In a peculiarly-worded footnote on page 35, explaining their criteria for classifying people as "homosexual", they write, "In reality, the ratio of homosexuality to heterosexuality in individuals' sexual behavior and feelings varies infinitely, but for statistical purposes it was obviously necessary for us arbitrarily to distinguish between 'homosexual' and 'heterosexual' respondents. Respondents were therefore assigned to one or the other group based on their self-ratings on the seven-point Kinsey Scale, which ranges from 'exclusively heterosexual' (a score of 0) to 'exclusively homosexual' (a score of 6)...If a respondent's score with respect to feelings, added to his or her score with respect to behaviors, amounted to 4 or more, he or she was assigned to the 'homosexual' group."
In other words, Bell and Weinberg are trying to maintain both that,
A. There is no objective, scientifically valid way of classifying people as "heterosexual" or "homosexual"
and,
B. That they can nevertheless do a study of "homosexuals", one with (presumably) meaningful and valid results.
In fact there is no obvious reason why there cannot be objective criteria for classifying people as "heterosexual" or "homosexual", but if Bell and Weinberg are right and no such criteria can exist, they have no business doing a study of "homosexuals"; one cannot at one and the same time assert that "homosexuals" do not really exist and that it is possible to study them, at least not without making oneself look utterly ridiculous.
Bell and Weinberg seem to consider their findings important, but if criteria for classifying people as "homosexual" can only be arbitrary, it is hard to see how their findings can be anything but meaningless - different criteria might have produced different results, and there would then be no way of deciding which set of results was more accurate or showed us the "truth" about homosexuality, a serious matter when scientific findings about this subject can have political consequences.

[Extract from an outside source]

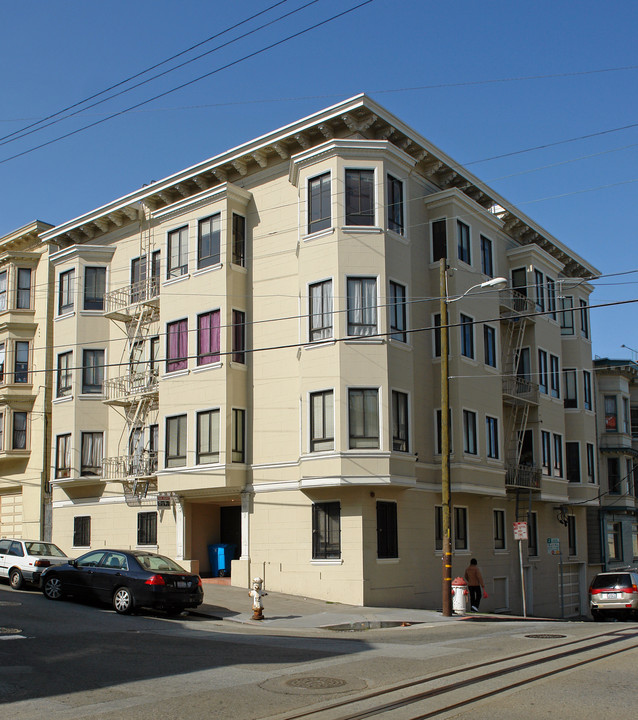 1455 Leavenworth St in San Francisco, CA - Building Photo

It is possible that Bell and Weinberg might have got more or less the same results from their survey whatever the criteria they used, but that doesn't get them off the hook, since in the absence of objective criteria for classifying people as "homosexual", it could be impossible to compare their findings to those that might be produced by future surveys or decide which are more accurate. This is why I've given "Homosexualities" a one star rating. I'd give it a zero-star rating if I could - it deserves it due to its sheer illogic.